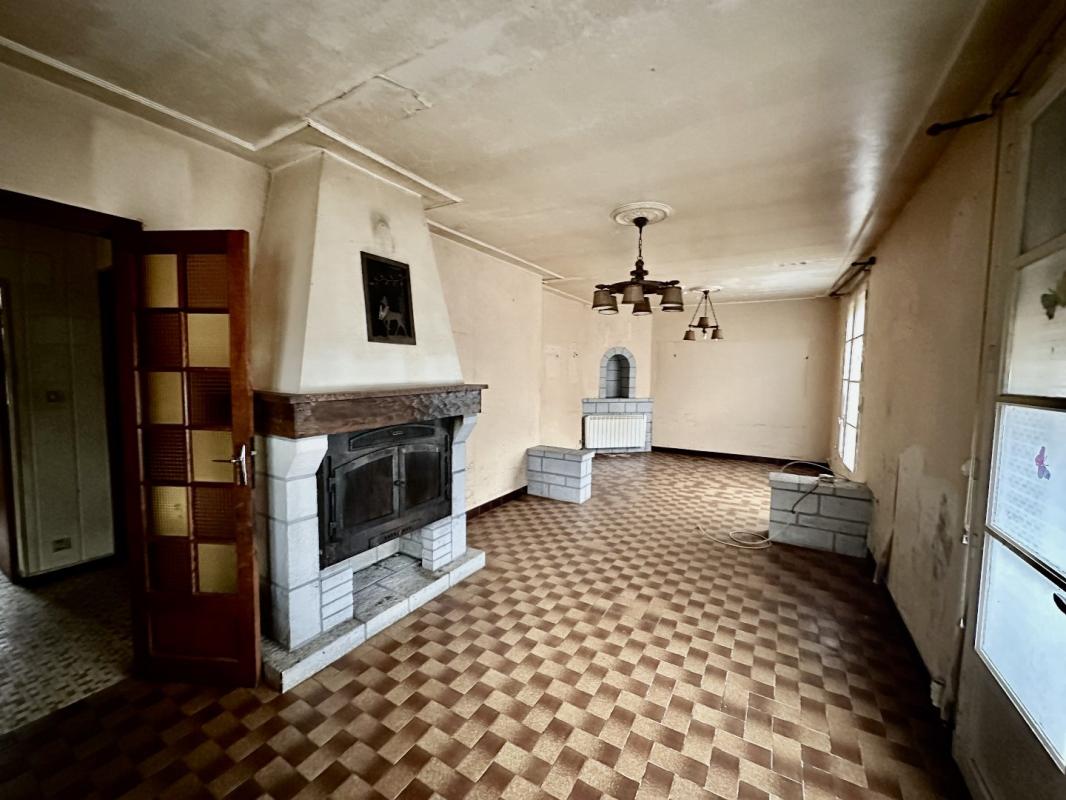 3 bedroom maison in Argentat, Corrèze, France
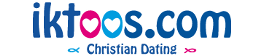 Iktoos : Christian Catholic dating site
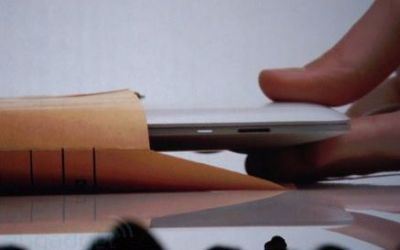 Apple scoate la vanzare noile MacBook Air la sfarsitul lunii. Vezi cand apare iPad 3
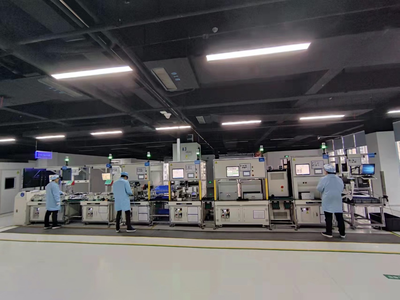 宏景智驾 ADAS量产双门红，获战略投资加速自动驾驶商业化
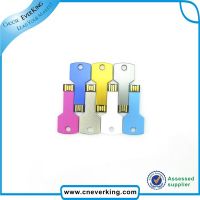 wholesale 1gb 2gb 4gb 8gb 16gb 32gb metal usb key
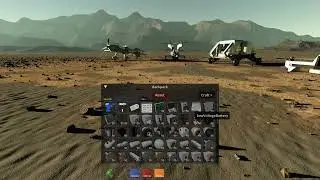 Archean - Tips and Tricks - the confusing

What you have to do: Restate, word for word and without pictures, the lines from the line containing "Apple scoate la" to the last line of the records above.

Expected answer:
 Apple scoate la vanzare noile MacBook Air la sfarsitul lunii. Vezi cand apare iPad 3
 宏景智驾 ADAS量产双门红，获战略投资加速自动驾驶商业化
 wholesale 1gb 2gb 4gb 8gb 16gb 32gb metal usb key
 Archean - Tips and Tricks - the confusing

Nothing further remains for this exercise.